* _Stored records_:
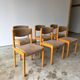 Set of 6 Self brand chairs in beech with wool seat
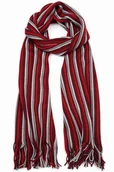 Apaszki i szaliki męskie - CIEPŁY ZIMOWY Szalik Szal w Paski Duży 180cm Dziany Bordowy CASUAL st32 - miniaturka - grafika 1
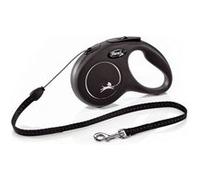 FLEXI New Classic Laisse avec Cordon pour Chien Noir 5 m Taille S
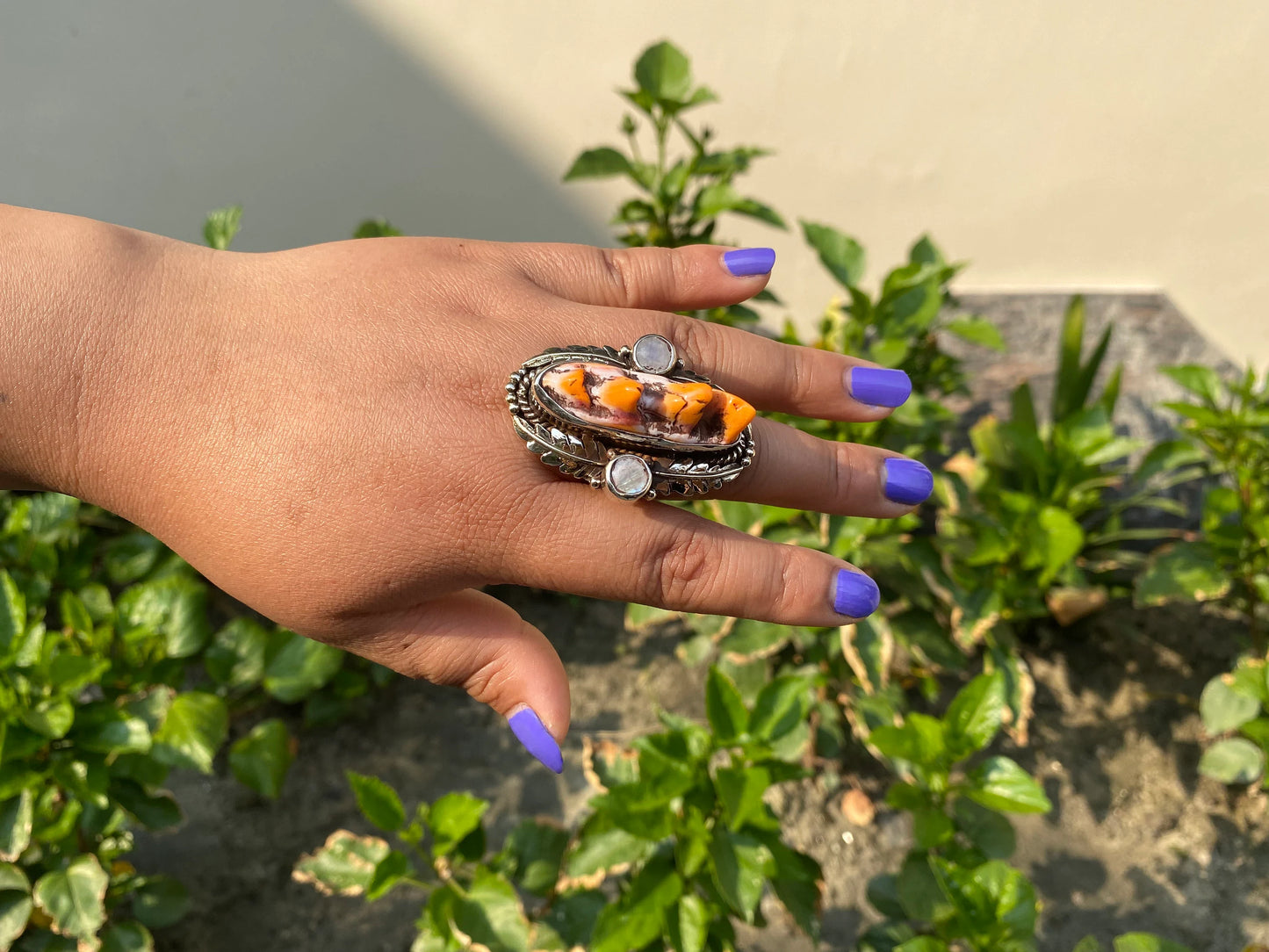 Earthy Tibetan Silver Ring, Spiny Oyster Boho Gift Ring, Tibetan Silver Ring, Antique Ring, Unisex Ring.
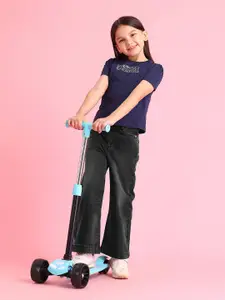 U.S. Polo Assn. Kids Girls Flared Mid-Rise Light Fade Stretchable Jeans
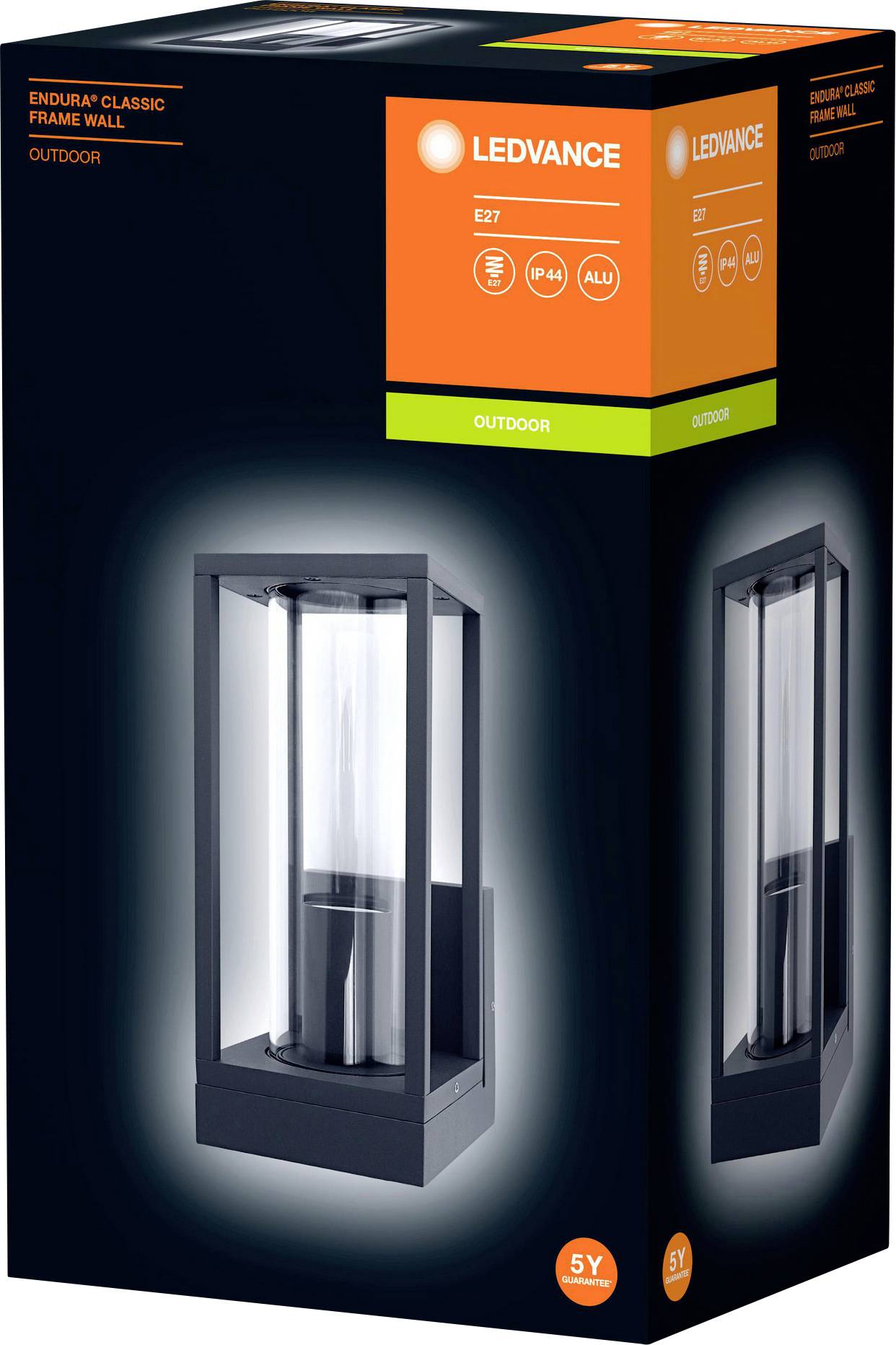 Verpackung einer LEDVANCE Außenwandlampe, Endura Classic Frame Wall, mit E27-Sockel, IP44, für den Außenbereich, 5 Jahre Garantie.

* _Problem requirements_:
Leave every picture out and copy precisely the lines from the one containing "FLEXI New Classic" through the last line of the data above, both ends included.

* _Task response_:
 FLEXI New Classic Laisse avec Cordon pour Chien Noir 5 m Taille S
 Earthy Tibetan Silver Ring, Spiny Oyster Boho Gift Ring, Tibetan Silver Ring, Antique Ring, Unisex Ring.
 U.S. Polo Assn. Kids Girls Flared Mid-Rise Light Fade Stretchable Jeans
 Verpackung einer LEDVANCE Außenwandlampe, Endura Classic Frame Wall, mit E27-Sockel, IP44, für den Außenbereich, 5 Jahre Garantie.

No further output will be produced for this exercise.